[Opening SUPPLIED DATA section]

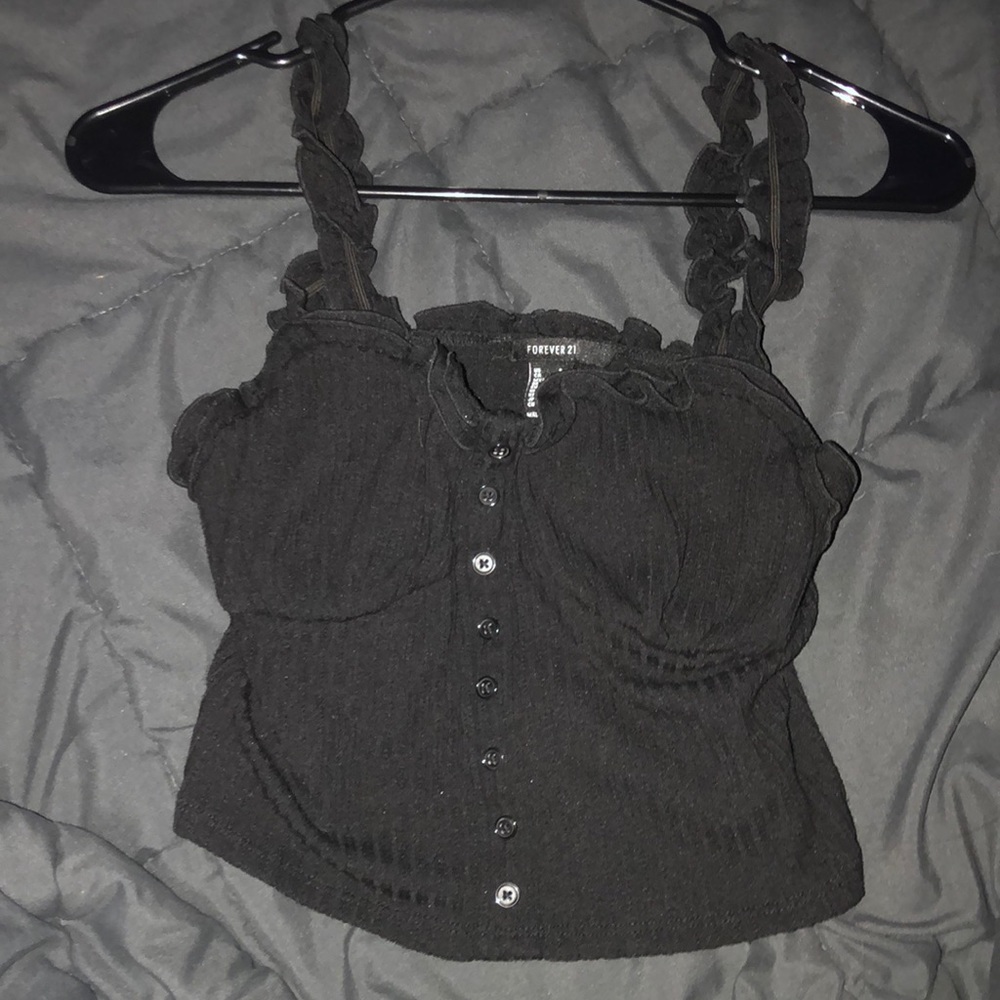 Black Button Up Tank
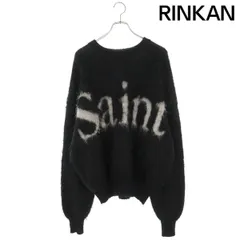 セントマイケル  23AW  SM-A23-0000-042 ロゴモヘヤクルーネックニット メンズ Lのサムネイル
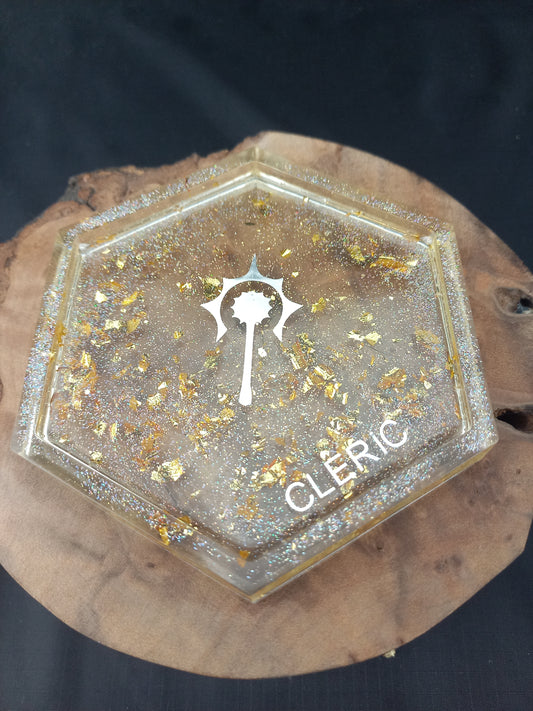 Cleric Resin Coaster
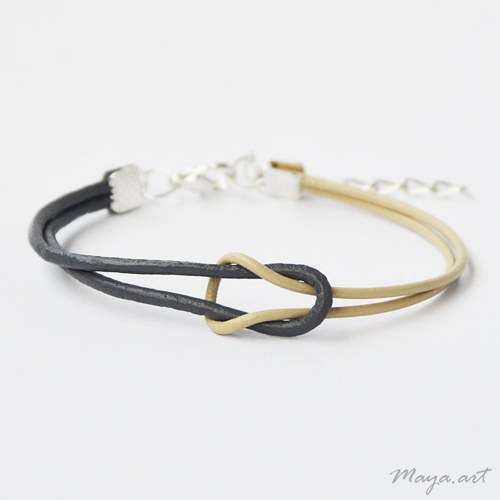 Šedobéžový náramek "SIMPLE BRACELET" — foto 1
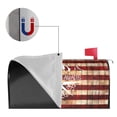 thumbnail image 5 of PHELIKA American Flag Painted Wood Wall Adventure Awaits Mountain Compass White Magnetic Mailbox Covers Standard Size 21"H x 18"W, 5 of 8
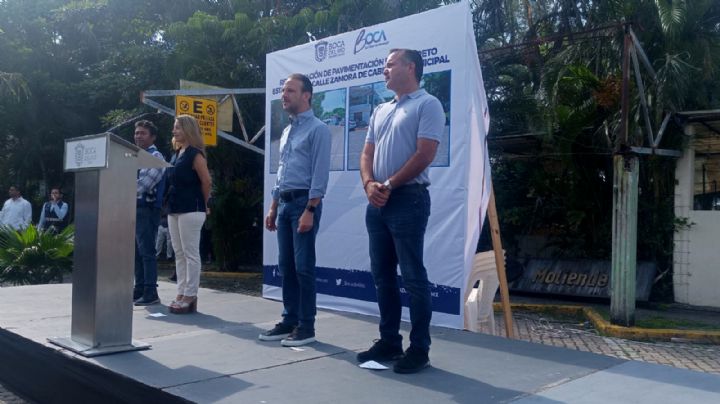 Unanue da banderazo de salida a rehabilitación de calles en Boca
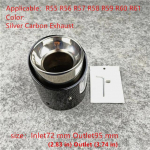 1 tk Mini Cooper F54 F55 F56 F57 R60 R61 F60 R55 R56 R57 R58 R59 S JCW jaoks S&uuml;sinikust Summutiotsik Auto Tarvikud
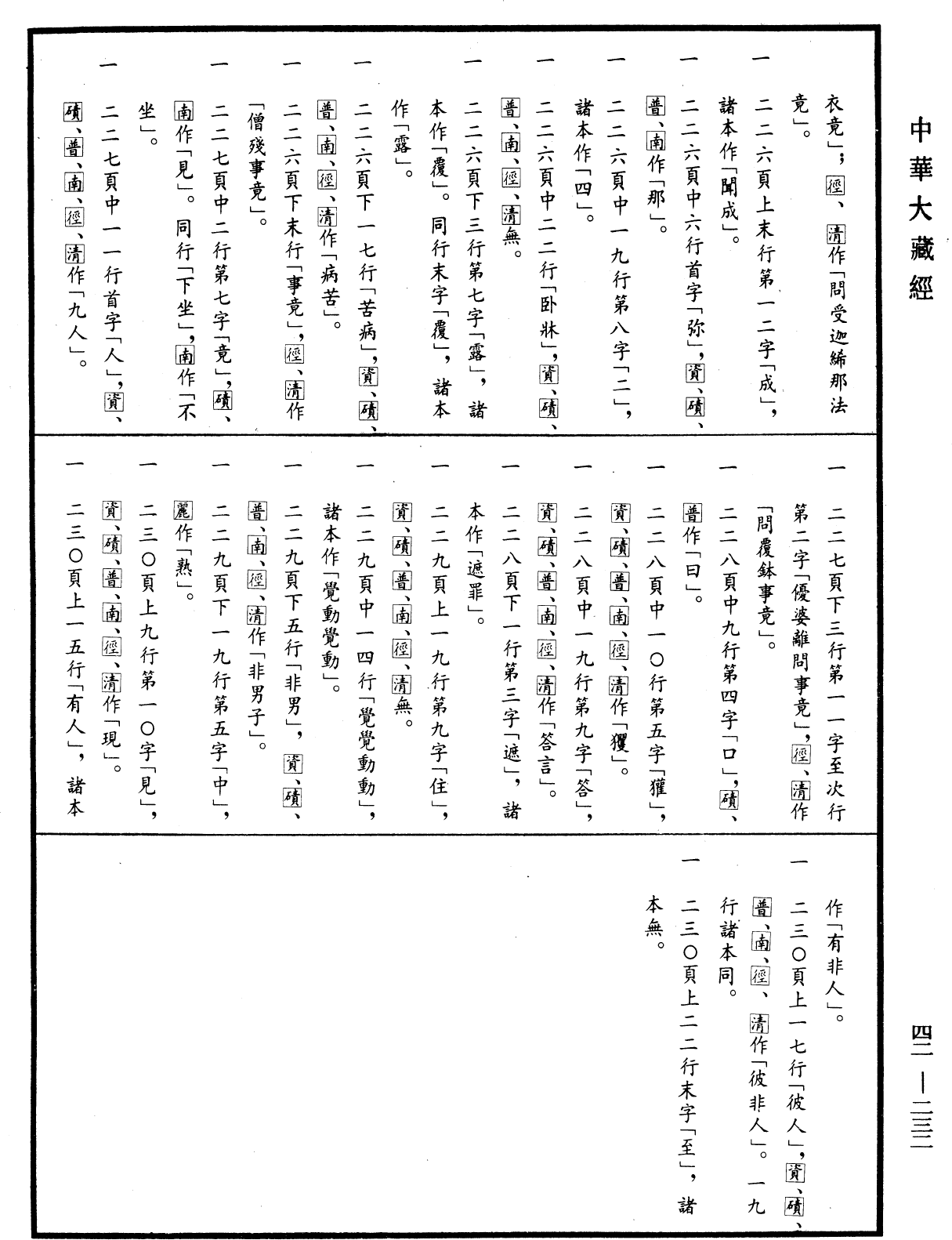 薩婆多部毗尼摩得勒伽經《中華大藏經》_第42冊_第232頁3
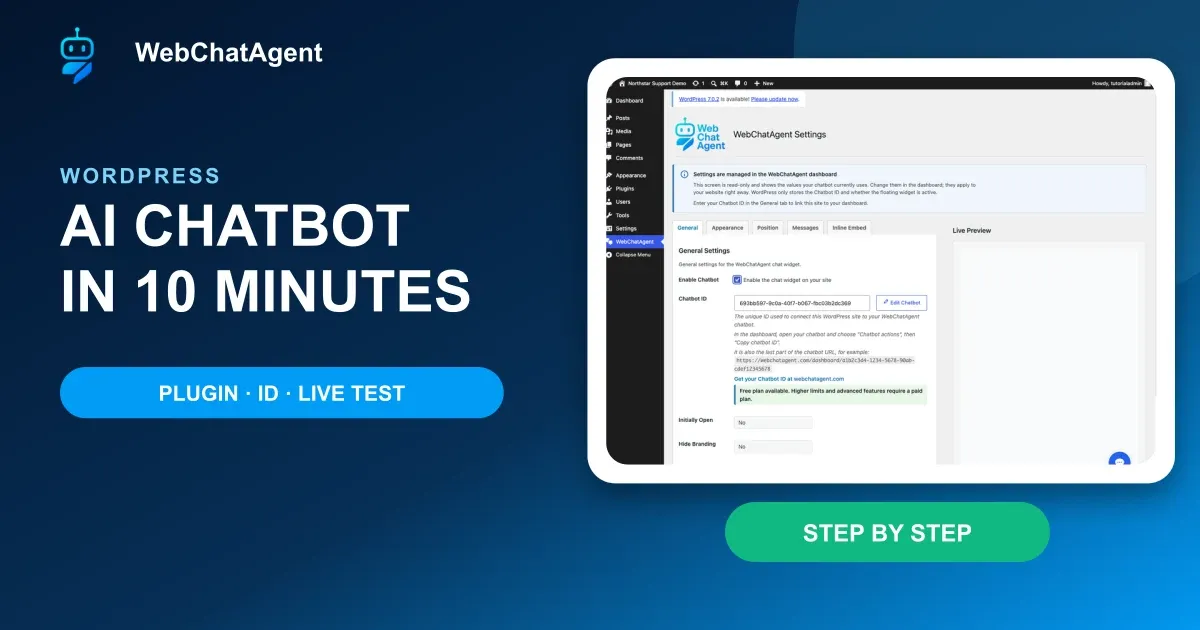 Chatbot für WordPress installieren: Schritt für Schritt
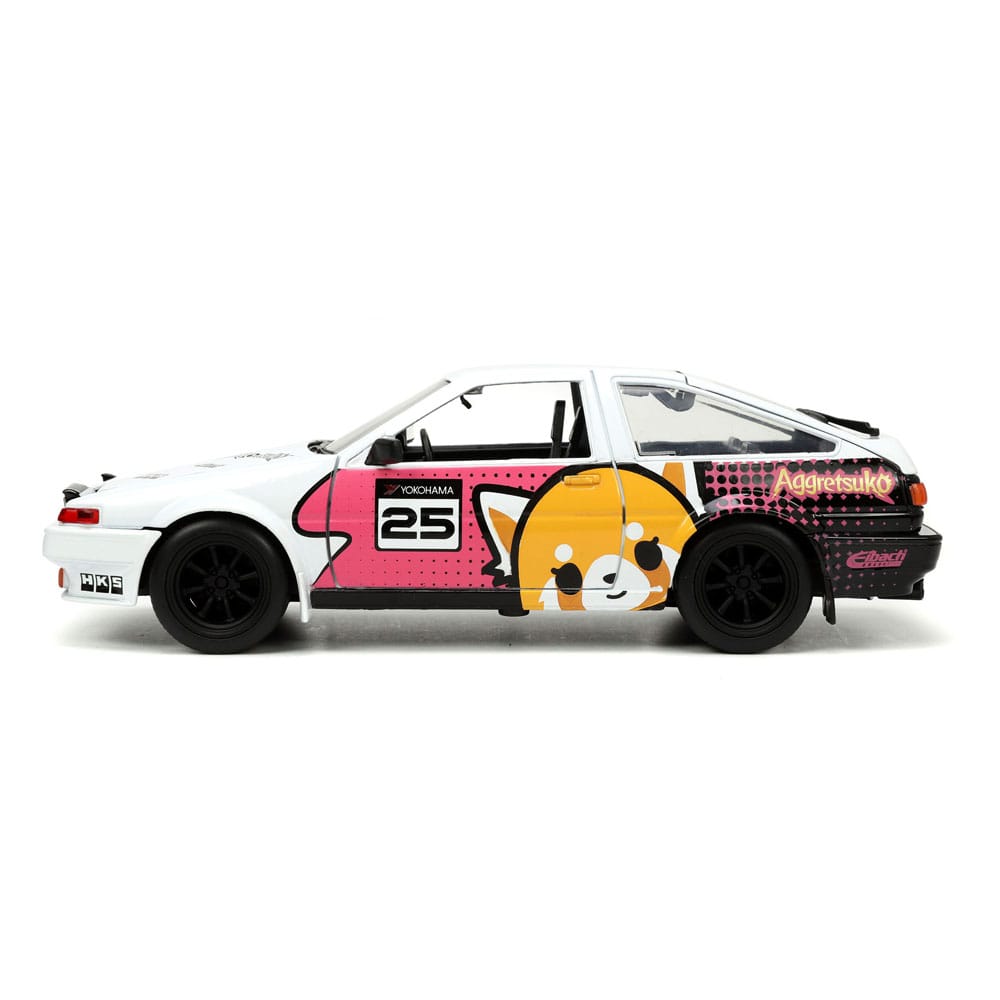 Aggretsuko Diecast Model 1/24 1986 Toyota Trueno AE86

[Closing SUPPLIED DATA section]

All of the data above is to be repeated exactly, with the pictures left out.

 Black Button Up Tank
 セントマイケル  23AW  SM-A23-0000-042 ロゴモヘヤクルーネックニット メンズ Lのサムネイル
 Cleric Resin Coaster
 Šedobéžový náramek "SIMPLE BRACELET" — foto 1
 thumbnail image 5 of PHELIKA American Flag Painted Wood Wall Adventure Awaits Mountain Compass White Magnetic Mailbox Covers Standard Size 21"H x 18"W, 5 of 8
 Unanue da banderazo de salida a rehabilitación de calles en Boca
 1 tk Mini Cooper F54 F55 F56 F57 R60 R61 F60 R55 R56 R57 R58 R59 S JCW jaoks S&uuml;sinikust Summutiotsik Auto Tarvikud
 薩婆多部毗尼摩得勒伽經《中華大藏經》_第42冊_第232頁3
 Chatbot für WordPress installieren: Schritt für Schritt
 Aggretsuko Diecast Model 1/24 1986 Toyota Trueno AE86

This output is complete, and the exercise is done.